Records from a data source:
---

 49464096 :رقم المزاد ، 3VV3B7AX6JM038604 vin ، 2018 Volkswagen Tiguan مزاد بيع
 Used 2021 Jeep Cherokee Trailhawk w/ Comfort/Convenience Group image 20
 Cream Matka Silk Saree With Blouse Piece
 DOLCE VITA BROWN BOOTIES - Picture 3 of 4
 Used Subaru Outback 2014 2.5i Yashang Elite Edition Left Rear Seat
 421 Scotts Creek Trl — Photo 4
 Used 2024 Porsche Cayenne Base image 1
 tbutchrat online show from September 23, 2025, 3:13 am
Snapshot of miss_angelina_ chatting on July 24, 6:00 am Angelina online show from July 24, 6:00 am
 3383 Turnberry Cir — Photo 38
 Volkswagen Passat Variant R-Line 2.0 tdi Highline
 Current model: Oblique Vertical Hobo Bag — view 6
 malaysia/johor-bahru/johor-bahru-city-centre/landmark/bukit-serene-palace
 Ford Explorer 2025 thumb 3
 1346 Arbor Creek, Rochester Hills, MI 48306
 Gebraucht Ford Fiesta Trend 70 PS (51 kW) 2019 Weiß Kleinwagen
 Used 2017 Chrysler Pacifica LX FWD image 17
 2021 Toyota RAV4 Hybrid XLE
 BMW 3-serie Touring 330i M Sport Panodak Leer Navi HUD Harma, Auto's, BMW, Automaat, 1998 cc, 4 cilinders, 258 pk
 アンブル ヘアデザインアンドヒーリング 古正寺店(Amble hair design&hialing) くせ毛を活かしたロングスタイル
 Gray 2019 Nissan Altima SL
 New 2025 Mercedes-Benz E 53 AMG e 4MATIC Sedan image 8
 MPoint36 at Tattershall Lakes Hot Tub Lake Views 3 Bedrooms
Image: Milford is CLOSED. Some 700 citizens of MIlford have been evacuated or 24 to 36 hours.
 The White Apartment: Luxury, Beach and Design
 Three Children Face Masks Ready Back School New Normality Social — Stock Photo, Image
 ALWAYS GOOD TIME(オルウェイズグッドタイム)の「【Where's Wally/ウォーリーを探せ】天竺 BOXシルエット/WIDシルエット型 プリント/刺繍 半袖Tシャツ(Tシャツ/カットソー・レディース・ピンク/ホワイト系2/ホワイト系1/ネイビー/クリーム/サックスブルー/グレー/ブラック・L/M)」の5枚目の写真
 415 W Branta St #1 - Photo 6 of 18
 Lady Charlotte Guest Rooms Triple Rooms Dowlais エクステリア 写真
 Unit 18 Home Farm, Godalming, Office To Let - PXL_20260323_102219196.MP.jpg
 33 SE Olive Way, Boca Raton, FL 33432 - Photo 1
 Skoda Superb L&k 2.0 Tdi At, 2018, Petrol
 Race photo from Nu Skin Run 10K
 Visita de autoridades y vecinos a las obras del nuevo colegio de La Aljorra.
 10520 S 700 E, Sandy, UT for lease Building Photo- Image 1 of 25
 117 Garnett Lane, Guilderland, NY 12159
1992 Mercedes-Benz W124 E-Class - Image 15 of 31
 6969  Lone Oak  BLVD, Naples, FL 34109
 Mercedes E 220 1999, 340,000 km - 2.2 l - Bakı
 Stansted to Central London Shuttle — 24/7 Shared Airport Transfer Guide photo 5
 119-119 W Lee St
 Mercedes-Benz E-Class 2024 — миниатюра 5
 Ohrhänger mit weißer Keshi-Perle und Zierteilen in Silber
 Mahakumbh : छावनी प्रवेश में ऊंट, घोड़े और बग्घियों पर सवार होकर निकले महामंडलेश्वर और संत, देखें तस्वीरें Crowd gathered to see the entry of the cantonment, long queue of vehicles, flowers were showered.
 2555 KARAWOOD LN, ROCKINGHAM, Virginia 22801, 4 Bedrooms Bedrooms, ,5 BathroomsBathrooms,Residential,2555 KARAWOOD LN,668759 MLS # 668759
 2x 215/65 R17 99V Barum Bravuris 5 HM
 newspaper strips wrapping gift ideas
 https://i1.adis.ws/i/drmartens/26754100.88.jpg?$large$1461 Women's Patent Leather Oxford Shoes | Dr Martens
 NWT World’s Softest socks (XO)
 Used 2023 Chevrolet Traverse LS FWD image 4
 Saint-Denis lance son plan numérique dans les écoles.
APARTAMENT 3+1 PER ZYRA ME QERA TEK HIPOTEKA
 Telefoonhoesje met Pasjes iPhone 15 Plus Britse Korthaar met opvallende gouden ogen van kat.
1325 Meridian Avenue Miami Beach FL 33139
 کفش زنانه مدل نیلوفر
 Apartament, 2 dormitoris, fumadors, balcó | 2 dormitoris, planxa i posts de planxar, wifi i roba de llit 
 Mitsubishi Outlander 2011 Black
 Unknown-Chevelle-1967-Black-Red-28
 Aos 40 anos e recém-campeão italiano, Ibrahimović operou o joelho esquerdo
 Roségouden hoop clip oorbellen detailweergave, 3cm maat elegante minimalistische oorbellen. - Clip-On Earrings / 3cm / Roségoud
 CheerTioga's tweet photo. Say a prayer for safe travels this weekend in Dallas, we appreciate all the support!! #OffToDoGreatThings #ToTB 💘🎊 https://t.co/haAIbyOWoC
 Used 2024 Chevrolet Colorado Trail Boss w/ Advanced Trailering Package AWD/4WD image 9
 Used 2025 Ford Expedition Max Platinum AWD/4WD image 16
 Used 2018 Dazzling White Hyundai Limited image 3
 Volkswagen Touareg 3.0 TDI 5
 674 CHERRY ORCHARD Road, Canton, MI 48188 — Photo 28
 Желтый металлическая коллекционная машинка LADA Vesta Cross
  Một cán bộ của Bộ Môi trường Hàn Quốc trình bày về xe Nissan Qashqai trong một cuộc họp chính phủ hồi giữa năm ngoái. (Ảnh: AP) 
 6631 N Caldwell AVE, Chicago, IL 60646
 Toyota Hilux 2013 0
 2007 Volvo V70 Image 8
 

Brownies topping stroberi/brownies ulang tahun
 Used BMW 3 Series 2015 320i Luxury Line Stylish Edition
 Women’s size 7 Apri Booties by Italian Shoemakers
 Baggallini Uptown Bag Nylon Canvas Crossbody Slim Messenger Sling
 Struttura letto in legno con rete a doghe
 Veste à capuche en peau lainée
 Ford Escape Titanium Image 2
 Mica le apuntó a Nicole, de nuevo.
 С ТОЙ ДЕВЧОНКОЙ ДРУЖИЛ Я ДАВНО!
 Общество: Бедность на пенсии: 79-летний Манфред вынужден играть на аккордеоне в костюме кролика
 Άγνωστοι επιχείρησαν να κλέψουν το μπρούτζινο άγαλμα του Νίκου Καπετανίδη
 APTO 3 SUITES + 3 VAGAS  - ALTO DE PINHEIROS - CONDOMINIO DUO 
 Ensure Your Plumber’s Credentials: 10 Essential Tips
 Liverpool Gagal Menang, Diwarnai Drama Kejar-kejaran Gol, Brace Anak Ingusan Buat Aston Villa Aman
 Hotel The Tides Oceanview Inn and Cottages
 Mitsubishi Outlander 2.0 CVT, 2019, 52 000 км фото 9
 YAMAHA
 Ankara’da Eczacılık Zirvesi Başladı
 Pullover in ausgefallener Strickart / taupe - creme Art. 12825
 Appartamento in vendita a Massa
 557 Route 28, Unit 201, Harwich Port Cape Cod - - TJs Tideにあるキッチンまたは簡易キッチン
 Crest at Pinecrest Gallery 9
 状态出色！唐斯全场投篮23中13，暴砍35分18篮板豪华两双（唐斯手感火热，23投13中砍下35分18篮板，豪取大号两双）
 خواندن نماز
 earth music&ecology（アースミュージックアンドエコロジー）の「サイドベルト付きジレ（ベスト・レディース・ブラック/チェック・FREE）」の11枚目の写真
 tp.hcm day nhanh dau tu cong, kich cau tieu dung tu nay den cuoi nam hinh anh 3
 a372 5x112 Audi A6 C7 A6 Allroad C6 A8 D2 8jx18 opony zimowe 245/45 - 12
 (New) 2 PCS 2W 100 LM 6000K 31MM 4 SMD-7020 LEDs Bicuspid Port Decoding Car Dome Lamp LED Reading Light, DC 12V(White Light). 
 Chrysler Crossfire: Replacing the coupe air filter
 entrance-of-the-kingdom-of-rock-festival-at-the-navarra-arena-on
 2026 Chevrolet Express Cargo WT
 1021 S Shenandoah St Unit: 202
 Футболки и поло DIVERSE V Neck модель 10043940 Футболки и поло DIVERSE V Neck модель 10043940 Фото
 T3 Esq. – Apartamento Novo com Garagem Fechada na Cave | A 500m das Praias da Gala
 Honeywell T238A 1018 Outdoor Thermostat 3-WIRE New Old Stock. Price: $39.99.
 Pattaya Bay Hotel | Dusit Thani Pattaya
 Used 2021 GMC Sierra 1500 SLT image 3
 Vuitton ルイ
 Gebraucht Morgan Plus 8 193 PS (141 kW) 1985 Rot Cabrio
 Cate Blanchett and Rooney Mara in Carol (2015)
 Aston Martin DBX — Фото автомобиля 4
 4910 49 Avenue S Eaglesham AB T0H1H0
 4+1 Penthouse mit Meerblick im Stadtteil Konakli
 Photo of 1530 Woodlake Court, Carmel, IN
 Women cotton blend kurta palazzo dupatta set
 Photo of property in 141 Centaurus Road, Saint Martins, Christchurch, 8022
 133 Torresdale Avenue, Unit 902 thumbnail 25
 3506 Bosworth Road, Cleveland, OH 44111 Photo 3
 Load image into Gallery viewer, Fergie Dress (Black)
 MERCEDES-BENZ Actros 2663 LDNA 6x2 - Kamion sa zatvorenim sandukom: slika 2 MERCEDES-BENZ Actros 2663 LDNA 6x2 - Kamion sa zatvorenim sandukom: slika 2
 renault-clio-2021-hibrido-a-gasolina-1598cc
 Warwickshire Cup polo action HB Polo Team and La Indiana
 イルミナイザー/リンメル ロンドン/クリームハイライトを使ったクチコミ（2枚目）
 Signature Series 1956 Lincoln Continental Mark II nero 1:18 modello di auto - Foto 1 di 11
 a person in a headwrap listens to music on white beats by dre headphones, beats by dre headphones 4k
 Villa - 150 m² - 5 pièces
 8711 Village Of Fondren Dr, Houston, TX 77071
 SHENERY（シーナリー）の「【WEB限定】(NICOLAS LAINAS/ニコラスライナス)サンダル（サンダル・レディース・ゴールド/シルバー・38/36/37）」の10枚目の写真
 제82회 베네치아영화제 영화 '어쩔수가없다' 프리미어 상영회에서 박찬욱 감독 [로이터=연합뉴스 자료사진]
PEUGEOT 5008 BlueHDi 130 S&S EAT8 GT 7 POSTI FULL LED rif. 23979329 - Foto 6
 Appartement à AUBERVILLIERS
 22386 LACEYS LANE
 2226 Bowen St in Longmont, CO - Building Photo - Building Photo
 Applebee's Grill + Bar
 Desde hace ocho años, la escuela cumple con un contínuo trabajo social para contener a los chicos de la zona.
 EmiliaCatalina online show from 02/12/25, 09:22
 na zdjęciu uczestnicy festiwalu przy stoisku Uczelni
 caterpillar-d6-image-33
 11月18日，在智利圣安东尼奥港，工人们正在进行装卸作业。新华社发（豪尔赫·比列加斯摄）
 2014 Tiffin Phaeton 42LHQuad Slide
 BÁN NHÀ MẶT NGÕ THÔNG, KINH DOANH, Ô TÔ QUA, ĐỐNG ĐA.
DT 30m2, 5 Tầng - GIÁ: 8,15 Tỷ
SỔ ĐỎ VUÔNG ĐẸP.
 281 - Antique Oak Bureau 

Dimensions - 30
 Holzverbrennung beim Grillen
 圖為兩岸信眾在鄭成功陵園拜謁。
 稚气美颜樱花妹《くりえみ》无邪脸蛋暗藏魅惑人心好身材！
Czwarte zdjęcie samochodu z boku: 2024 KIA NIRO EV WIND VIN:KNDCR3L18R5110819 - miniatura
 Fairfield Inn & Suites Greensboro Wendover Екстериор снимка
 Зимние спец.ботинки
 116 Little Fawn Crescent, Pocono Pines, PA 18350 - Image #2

---

TRY IT: All lines above from the line with "2555 KARAWOOD LN, ROCKINGHAM, Virginia" through the line with "Apartament, 2 dormitoris, fumadors, balcó", both included, are to be set down exactly, with nothing else.

REPLY TO THE TASK:
 2555 KARAWOOD LN, ROCKINGHAM, Virginia 22801, 4 Bedrooms Bedrooms, ,5 BathroomsBathrooms,Residential,2555 KARAWOOD LN,668759 MLS # 668759
 2x 215/65 R17 99V Barum Bravuris 5 HM
 newspaper strips wrapping gift ideas
 https://i1.adis.ws/i/drmartens/26754100.88.jpg?$large$1461 Women's Patent Leather Oxford Shoes | Dr Martens
 NWT World’s Softest socks (XO)
 Used 2023 Chevrolet Traverse LS FWD image 4
 Saint-Denis lance son plan numérique dans les écoles.
APARTAMENT 3+1 PER ZYRA ME QERA TEK HIPOTEKA
 Telefoonhoesje met Pasjes iPhone 15 Plus Britse Korthaar met opvallende gouden ogen van kat.
1325 Meridian Avenue Miami Beach FL 33139
 کفش زنانه مدل نیلوفر
 Apartament, 2 dormitoris, fumadors, balcó | 2 dormitoris, planxa i posts de planxar, wifi i roba de llit 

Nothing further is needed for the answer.